Pretty much everyone, including me, agrees that Help to Buy is a lousy idea. So, in the spirit of a lawyer defending a psychopath, let me try to defend it.
In part, Help to Buy is a deficit-reduction strategy. Insofar as the scheme encourages the private sector to run a smaller financial surplus, the counterpart to this is a decline in government borrowing; financial balances must sum to zero. This in turn helps relieve the (self-imposed) constraint upon fiscal policy, which makes tax cuts or spending rises more feasible. We can use higher stamp duty revenue to cut tax for the low-paid.

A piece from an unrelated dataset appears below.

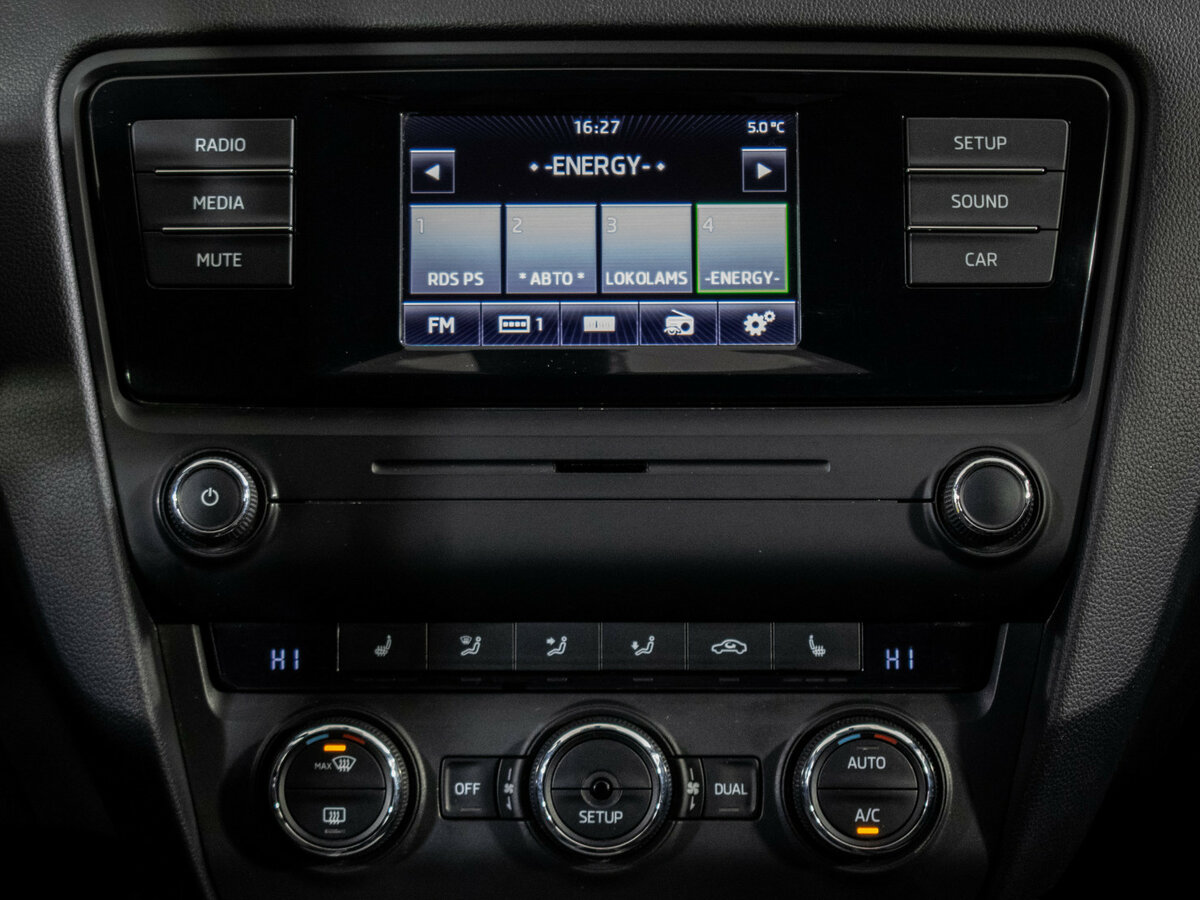 Skoda Octavia с пробегом — 2014 год. Фото: #10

You might reply that it would be better to encourage corporate borrowing. But we've tried this with the Funding for Lending Scheme, and yet borrowing by small firms is still falling. There's a reason for this. The dearth of investment opportunities means companies just don't want to invest - hence the talk of a "new normal" or "secular stagnation." What's more, even if we could revive manufacturing, it's not obvious this would help much. Thanks to globalized supply chains, this would suck in imports, and give our mediocre manufacturing base, we'd soon run into skills shortages.
There's another objection to the scheme that's questionable. Andrew Gimson warns of the dangers of encouraging people to become over-geared. But whatever happened to the Tory idea that people are the judge of their own best interests? It's quite possible that more people are credit-constrained than are irrationally over-optimistic. If so, then on balance Help to Buy moves folk closer to optimal debt levels.

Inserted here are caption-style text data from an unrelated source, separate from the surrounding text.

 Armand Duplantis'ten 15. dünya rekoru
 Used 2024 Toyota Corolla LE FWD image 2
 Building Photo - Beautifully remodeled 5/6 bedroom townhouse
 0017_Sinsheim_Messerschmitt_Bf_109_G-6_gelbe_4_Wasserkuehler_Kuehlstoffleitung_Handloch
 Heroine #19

Nor is it obvious that Help to Buy is stoking a bubble. Outside of London, house prices in nominal terms are lower than they were at the end of 2007. And as Mark Carney said last week, policy shouldn't be made only for people living within the Circle Line. But so what if we do get a bubble that subsequently bursts? As Daniel Gross has argued, bubbles have have lasting positive effects. If a bubble triggers more housebuilding, that's good.

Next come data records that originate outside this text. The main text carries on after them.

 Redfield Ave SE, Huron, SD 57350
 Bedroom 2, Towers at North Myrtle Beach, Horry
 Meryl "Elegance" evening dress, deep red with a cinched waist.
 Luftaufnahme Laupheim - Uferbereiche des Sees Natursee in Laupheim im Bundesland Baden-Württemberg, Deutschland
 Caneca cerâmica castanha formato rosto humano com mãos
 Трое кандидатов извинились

There's another objection that won't do. Nick says the scheme will create "a client state of bribed voters", as if this is a bad thing. But let's face facts. All governments try to do this; elections are won by appealing to interests, not ideals. And you could argue that a constituency with an interest in keeping interest rates low is desireable. These will prefer a policy of fiscal conservatism and monetary activism. Such an anti-Keynesian base will tend to have an antipathy to big government. And given that it's possible that a small state is favourable to growth, this will create the conditions for long-run growth.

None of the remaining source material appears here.